Both the line with "Charger l&#39;image dans" and the line with "Yukon Gear 7.5in/7.625in" in the records below must appear in the output, along with every line between them, exactly and with nothing added.

○ ○ ○

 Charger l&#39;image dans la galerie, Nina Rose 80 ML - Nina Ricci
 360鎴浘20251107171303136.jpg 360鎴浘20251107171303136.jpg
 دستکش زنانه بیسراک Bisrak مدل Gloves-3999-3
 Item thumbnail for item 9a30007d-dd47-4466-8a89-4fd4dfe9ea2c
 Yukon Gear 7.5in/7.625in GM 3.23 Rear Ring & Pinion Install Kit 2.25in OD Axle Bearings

○ ○ ○

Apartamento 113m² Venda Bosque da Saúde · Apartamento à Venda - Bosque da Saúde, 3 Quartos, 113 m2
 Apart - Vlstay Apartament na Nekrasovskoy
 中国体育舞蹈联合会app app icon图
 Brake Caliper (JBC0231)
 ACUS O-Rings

○ ○ ○

=== RESPONSE AREA ===
 Charger l&#39;image dans la galerie, Nina Rose 80 ML - Nina Ricci
 360鎴浘20251107171303136.jpg 360鎴浘20251107171303136.jpg
 دستکش زنانه بیسراک Bisrak مدل Gloves-3999-3
 Item thumbnail for item 9a30007d-dd47-4466-8a89-4fd4dfe9ea2c
 Yukon Gear 7.5in/7.625in GM 3.23 Rear Ring & Pinion Install Kit 2.25in OD Axle Bearings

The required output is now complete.